For a resolutely Irish-American actor, Michael McKean has a distinct propensity for finding himself playing characters wth hard-to-pronounce Middle-European names.
In the long-running television series, “Laverne and Shirley,” he was the affably comedic Lenny Kosnowski, and now, in “Superior Donuts,” he’s Arthur Przybyewski, proprietor of a donut shop in Chicago.
Film fans know McKean for his roles in Christopher Guest’s satirical movies, starting with “This is Spinal Tap, and including “Best in Show,” “For Your Consideration” and “A Mighty Wind.” For the latter movie, a satire on folk music and folk singers, McKean and his wife, Annette O’Toole, wrote the Oscar-nominated song, “A Kiss at the End of the Rainbow.”
Last season he appeared in the successful Broadway revival of Harold Pinter’s “The Homecoming,” and, the previous season, he played the “time study man,” Hinzie, in the well-received new staging of “The Pajama Game.”
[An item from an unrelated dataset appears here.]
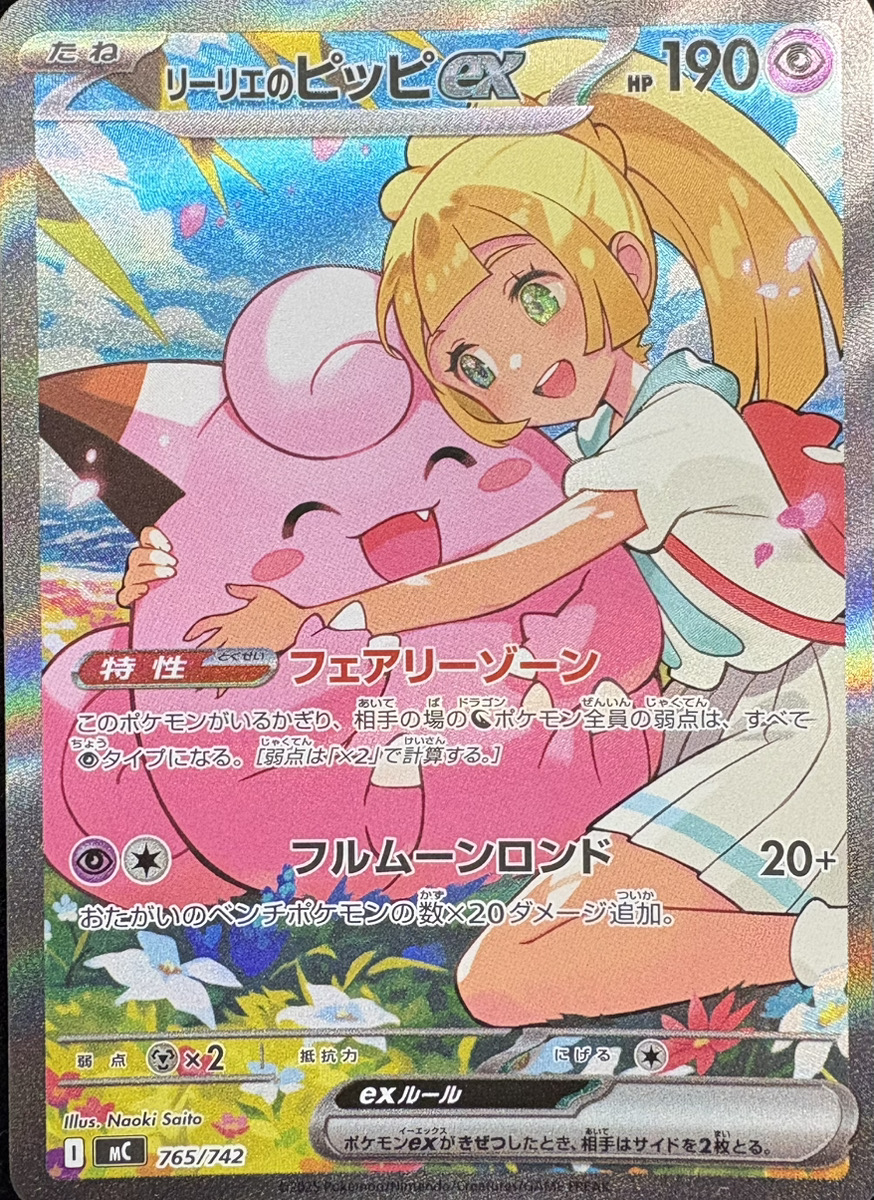 リーリエのピッピex (SAR仕様) {765/742} [MC/スタートデッキ100バトル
That’s a impressively varied list of credits, but in “Superior Donuts,” by Tracy Letts, author of “August, Osage County,” McKean is doing something he’s never done before: heading the cast of a new play which rests on his shoulders.
Among the truly remarkable things about McKean’s beautifully crafted starring performance is its modesty and the degree to which he underplays the role. His achievement, worthy of a Tony nomination, is all the more startling when you factor in the effect of the excellent, but flashier, work being done by a young African-American actor, Jon Michael Hill, cast opposite him in Letts’ complicated comedy.
Hill, as Franco Wicks, a troubled youngster with a dangerous secret history, takes a job at the donut shop, and stays long enough to teach his boss some valuable life-changing lessons before his fate catches up with him.
The dynamic young actor, who has been a member of Chicago’s Steppenwolf Theater since 2007, has the audience in his pocket almost from his first line. McKean, on the other hand, begins as quietly as a real Arthur, a man who has long lost any major interest he might ever have had in his life or his work.
The early morning life of the shop surrounds him on what would be a completely ordinary day but for the fact that there had been an attempted break-in during the night. Before the curtain rises, the audience has heard the sound of breaking glass as the would-be burglars violate the shop’s street door.
The donut shop’s regulars, including a couple of local cops, this time responding to the robbery report, saunter in. The others turn up as they might do on any ordinary day. To Arthur’s daily customers the break-in is just something that might happen at any time in this crime-ridden neighborhood, and it doesn’t hold their attention for very long once their initial curiosity is satisfied.
“Superior Donuts” is a surprisingly gentle and satisfying work from a prolific playwright who generally comes up with harsher stuff, including the off-Broadway hits, “Killer Joe” and “Bug.”